▶ _Required work_:
Given the records below, would you repeat exactly the lines that begin at the one containing "Rich Dad Poor" and end at the one containing "Hukum Menafsirkan Mimpi | Buya Yahya", inclusive?

▶ _Extracted material_:
________________________

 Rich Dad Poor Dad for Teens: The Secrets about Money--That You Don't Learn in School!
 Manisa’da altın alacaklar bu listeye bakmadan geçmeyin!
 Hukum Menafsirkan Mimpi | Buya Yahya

________________________

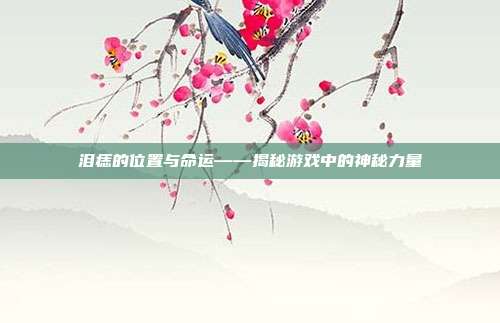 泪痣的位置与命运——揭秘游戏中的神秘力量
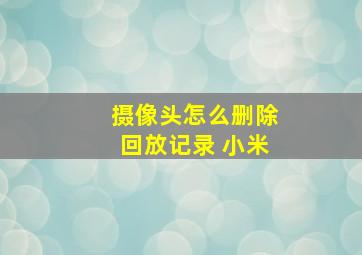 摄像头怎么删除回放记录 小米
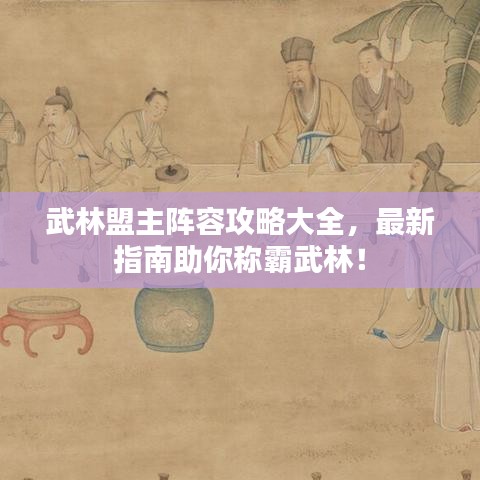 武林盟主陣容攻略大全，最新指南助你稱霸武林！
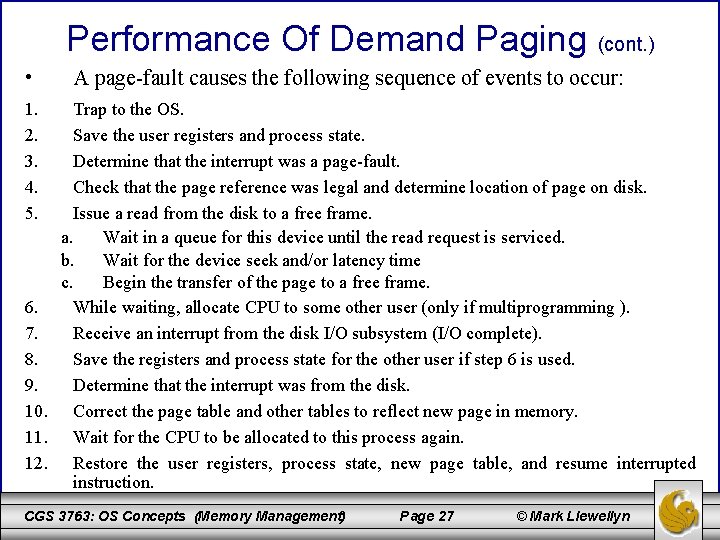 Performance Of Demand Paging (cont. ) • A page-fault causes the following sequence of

________________________

▶ _Exercise response_:
 Rich Dad Poor Dad for Teens: The Secrets about Money--That You Don't Learn in School!
 Manisa’da altın alacaklar bu listeye bakmadan geçmeyin!
 Hukum Menafsirkan Mimpi | Buya Yahya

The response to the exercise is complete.